Financial worries can be a huge source of stress as an unemployed person. Although it might be tempting to take just any job offered to you – and realistically, you simply might have to – waiting for the right opportunity is still worthwhile to avoid finding yourself stuck in another bad situation. “You can take a temporary job, but make sure you allocate enough time to search and apply for the jobs you genuinely desire,” Ritchie advises.

The job seeking process can be absolutely miserable, especially due to the frequent rejections. You might have recurring thoughts that you’re worthless or undesirable. But these thoughts “only make things harder for yourself”, according to Ritchie.

The right strategy here is to allow these feelings to come and go, while also remaining positive. “Have compassion for yourself, especially if you’re deeply disappointed after being rejected for a job,” Ritchie says. “Give yourself a few days to recover. Do something enjoyable and discuss it with people close to you.”

If after endless job applications you still think you’re not getting anywhere, it might be a good idea to broaden your horizons and explore other options. “If you start doubting the direction you’re looking at, pause and reflect on that feeling,” she explains. “Ask yourself: Are there other things I’m good at or enjoy? Then reach out to someone doing that kind of work – you can learn a lot from them.”

We often learn that careers should follow a linear, upward trajectory, that this is the key to success. But in reality, the work you’ll do over your lifetime can take many different paths, with peaks and valleys. “Plenty of people realise at some point they no longer want to pursue the direction they chose years ago. You’re not alone in that,” Ritchie says.

After a few years of work, you might also realise that your life is incompatible with the demands of your sector, or with regular working hours. That was the case for Iris, for instance, who’s afraid she may not be able to handle a full workweek due to a severe lung illness. After reducing her working hours, she also had an accident that left her with a concussion. Since then, she’s been experiencing panic attacks and insomnia.

“It’s a vicious circle because I don’t sleep well, and therefore experience more stress and panic attacks. And because of that, I sleep poorly again,” she says. Eventually, she got too sick to keep her job. But recently, on advice from her occupational doctor, she’s been able to volunteer about ten hours a week. “I’m very happy I can gradually build it up this way,” she says. “I want to work again, but I also need boundaries.”
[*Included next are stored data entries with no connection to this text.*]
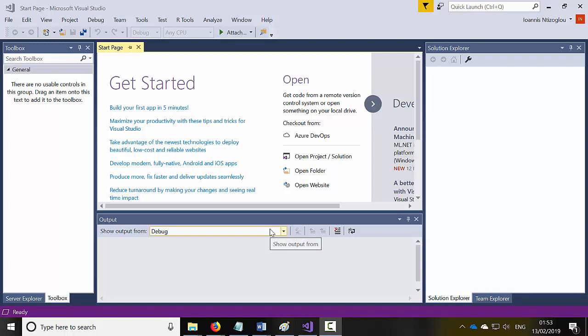Hello, my name is Ioannis DiZoglu and in this tutorial I'm going to show you how to create a simple application using C# which randomly selects names.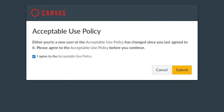When you first log into the course on Canvas, you will see the Acceptable Use Policy screen. You will click the box for 'I agree to the Acceptable Use Policy' and click submit to enter the dashboard.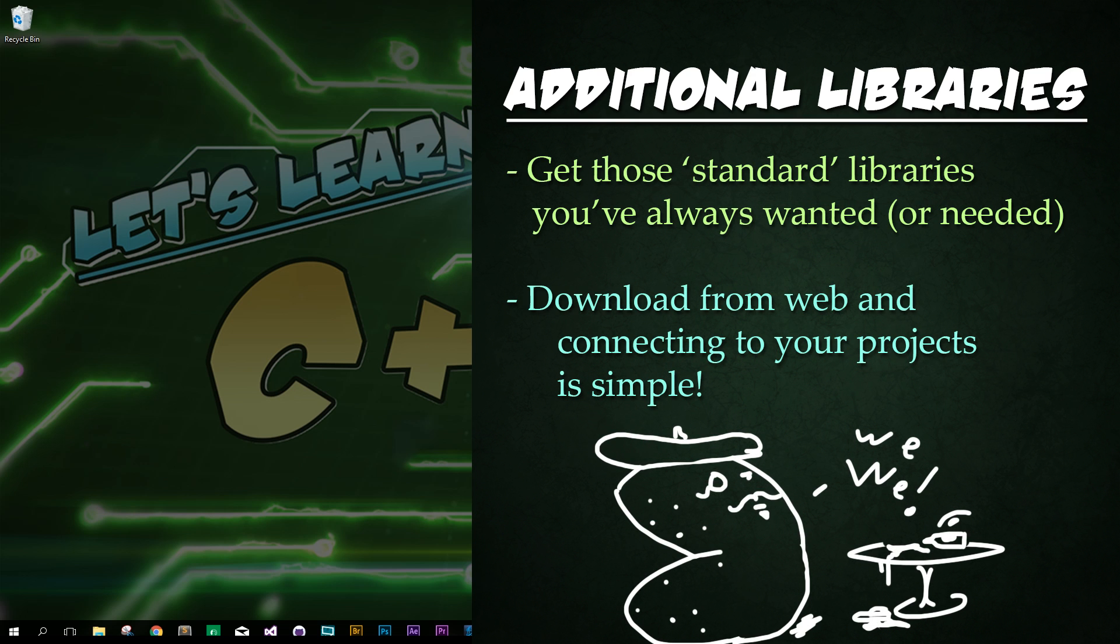So have you ever been told to use something like owner, not null, optional, timer, or any keyword or function or even a library which you just couldn't use, even though you were told that it was included in C++? Could be teachers or tutorials online telling you to use the stuff which you can't seem to access for some reason. Have you scoured the web trying to look for the newest version or standard of C++ to get those? I'm about to make all of your worries go away.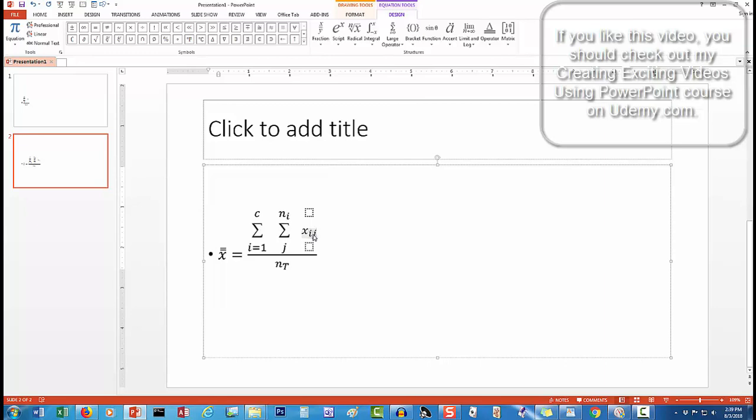And there you have the finished equation. As I said at the start, it's not perfect, but it is much, much better than PowerPoint itself can do with the built-in summation function. And, this approach works no matter where the summation sign is used.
As for Marielle, she found a job after five months of trying. Looking back, she thinks her unemployment wasn’t completely bad, as she learned to better manage her money. “I make different choices now,” she says. “If I can stick to that, maybe I can start saving again and becoming financially independent in the future.”

After I lost my job, it took me eight months to find another one. With each rejection, I learned to handle it a bit better – no matter how difficult it was. Deep down, I kept believing that something better would come my way, and eventually it did. I’m very happy with my work now, and I’m proud I managed to stick it out through the tough times.